Thursday, March 6, 2014

No, You CAN'T Share My Swim Lane--More Awkward Encounters

You might know I love to swim, and that I bucked up for a gym membership around Thanksgiving, so I *could* swim, which was awesome.  I went a lot at first, unsurprisingly.  Of course, the usual stuff started happening, which made me not get to the gym, not unlike most everyone who gets a membership, I imagine.  Because:

Then it was Christmas.

Then it snowed a lot.

Then the kids drove the car to school a lot and I had no way to GET to the gym.

Then we all got the flu.

Then the whole county apparently had the flu, and went to the gym.

Then it was January and hello--one million new members signed up for their New Year's Resolution and ALL WENT TO THE GYM.

I went over there all determined to swim one morning at 8 a.m. and, I kid you NOT, I couldn't even find an open parking spot.  And we're talking about a really really huge parking lot, including a covered garage area.  Plus, on the way in, I passed someone literally hacking and coughing in their car, coming out, which grossed me out.

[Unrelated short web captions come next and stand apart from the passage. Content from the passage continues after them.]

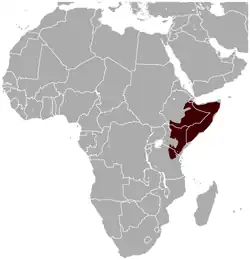 Distribuição territorial da gazela-girafa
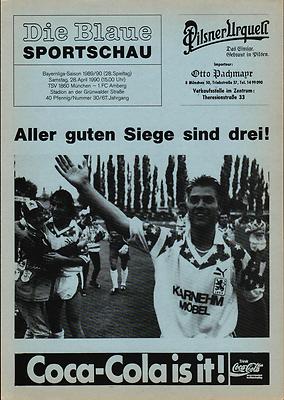 Ligue de Bavière 89/90 Tsv 1860 Munich - 1. FC Amberg, 28.04.1990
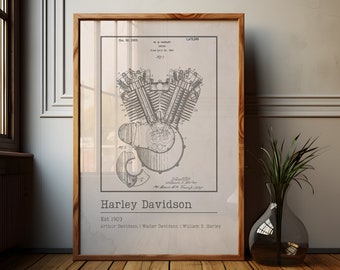 Arte de planos de motor Harley-Davidson: póster de patente de motocicleta vintage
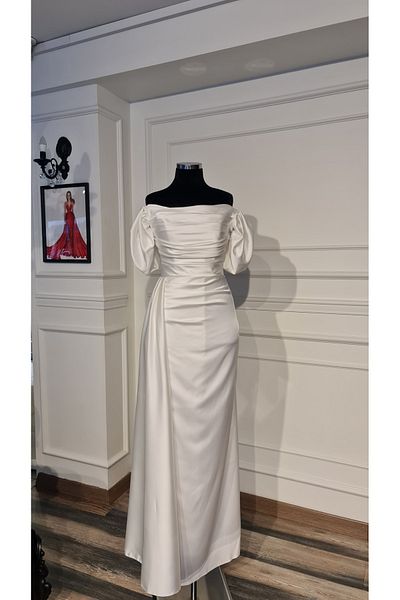 makbuleofficial White Satin Drape Detailed Straples Size Slit Dress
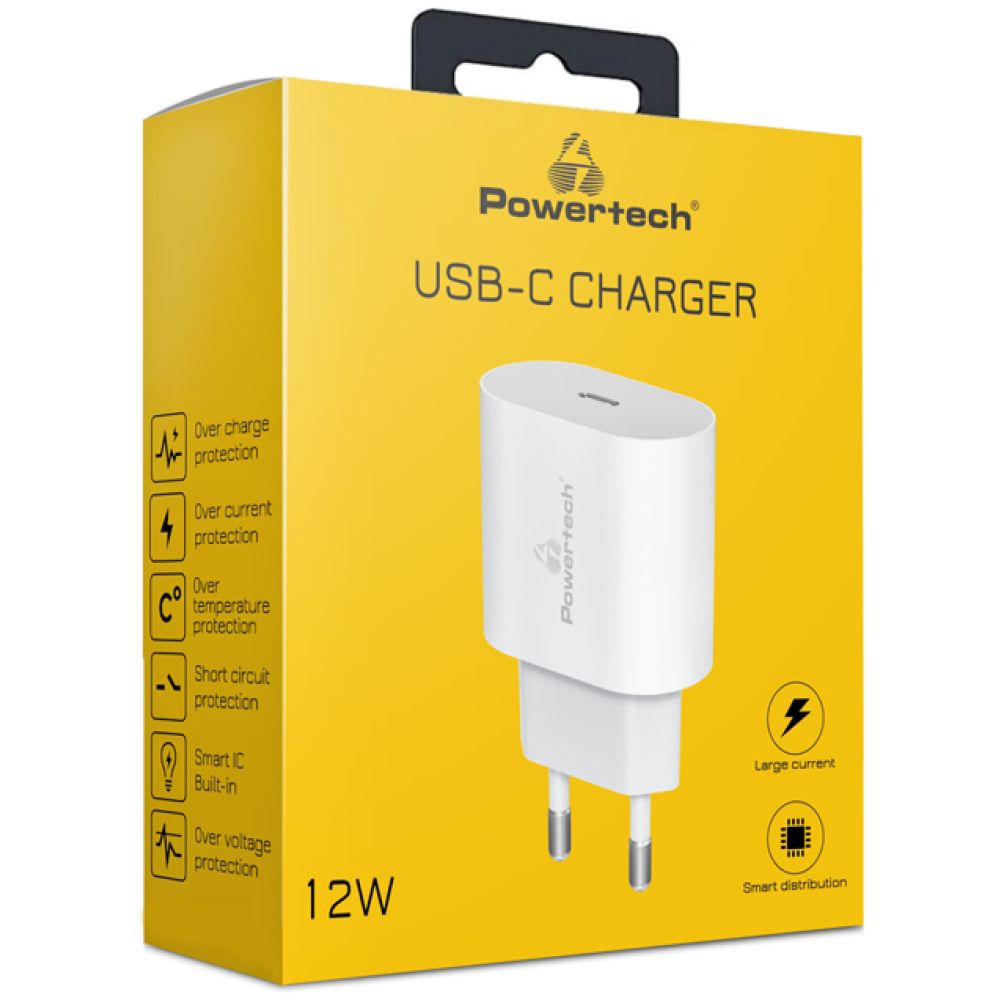 POWERTECH φορτιστής τοίχου PT-1150, USB-C, 12W, λευκός - Image 2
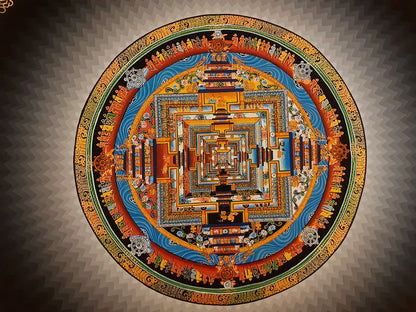 Tibetan Buddhism Ritual Kalachakra Mandala Rainbow Canvas Cloth Thangka Hand Painting Art Nepal free
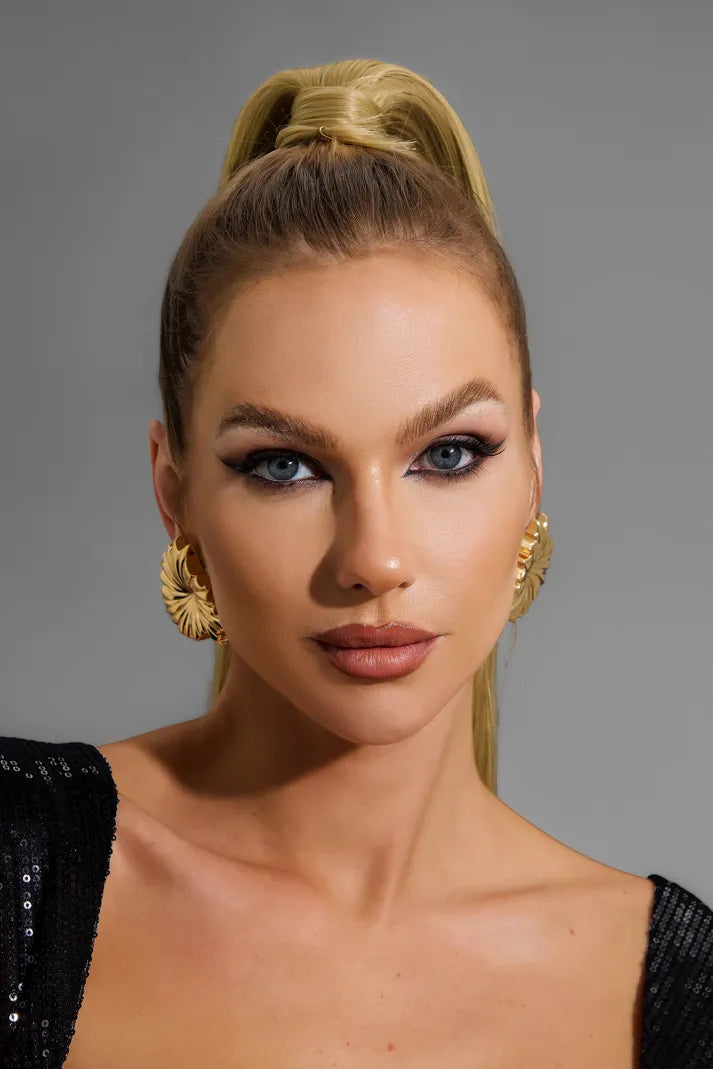 HELIOS Yelpaze Formlu Gold Küpe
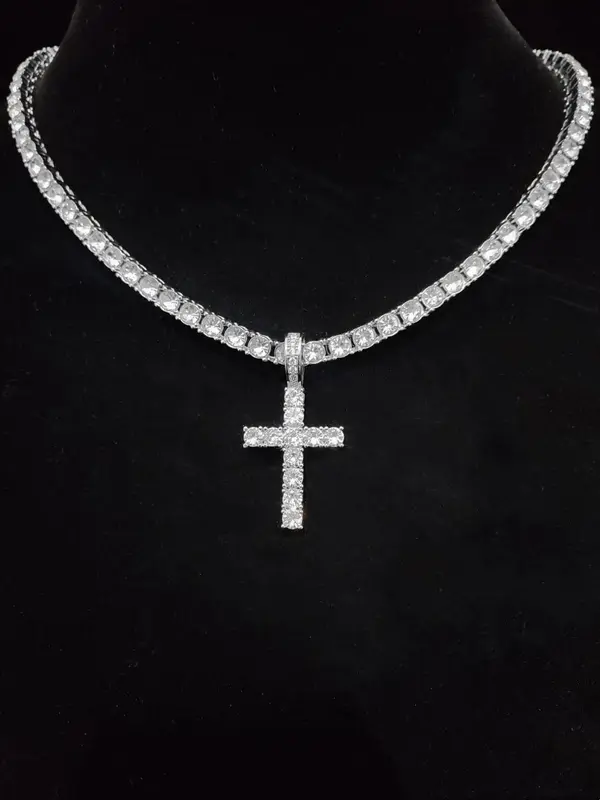 Y2k 2024 Hip Hop Luxury Rhinestone Cross Necklace, Unisex Cuban Link Chain Necklace, Spring Iced Out Jewelry, Streetwear Pun...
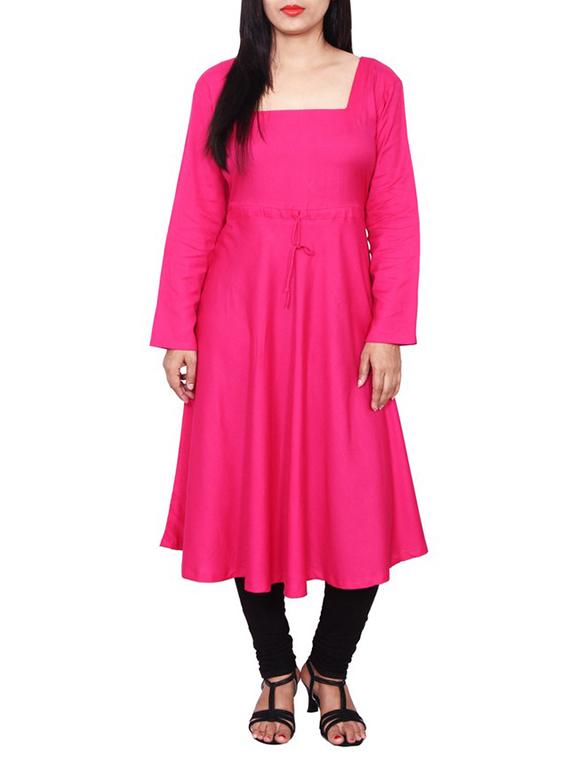 pink solid rayon kurta - 11515102 - Zoom Image - 1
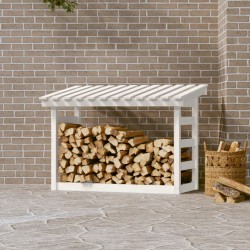 vidaXL Leñero de madera maciza de pino blanco 108x64,5x78 cm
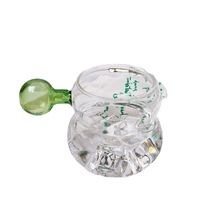 Tasse à eau créative en verre borosilicate à simple paroi, en forme de gourde, avec poignée sphérique, pour boissons froides, résistante aux hautes températures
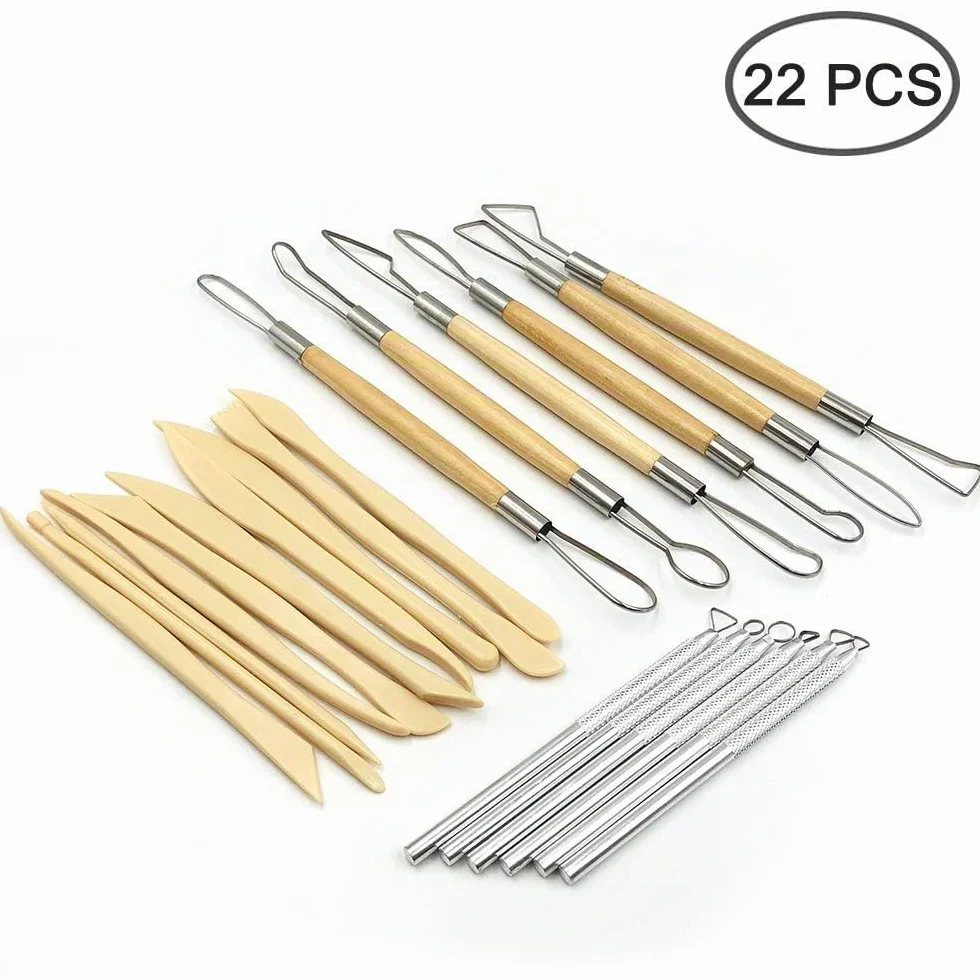 22 strumenti per scultura in argilla, manico in legno, utensili per intagliare la ceramica, metallo e strumenti per modellare l'argilla in plastica, per sculture in ceramica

Two other times I've driven over there and gone to the door of the pool room and stared morosely at the 10 lanes full of this:
Don't even bother.  I'm going to be here for AT LEAST ANOTHER HOUR.

I glared at them through the glass door long enough to be sure they totally knew they were messing up my day.  I sent guilt waves rippling their way, while I stood there in my coat, wondering why I was there.  Then, out of spite, I went into one of the private rooms and took a hot shower.  For about 45 minutes.  I figured, if I'm paying for this, I'm going to USE it.  This has happened twice.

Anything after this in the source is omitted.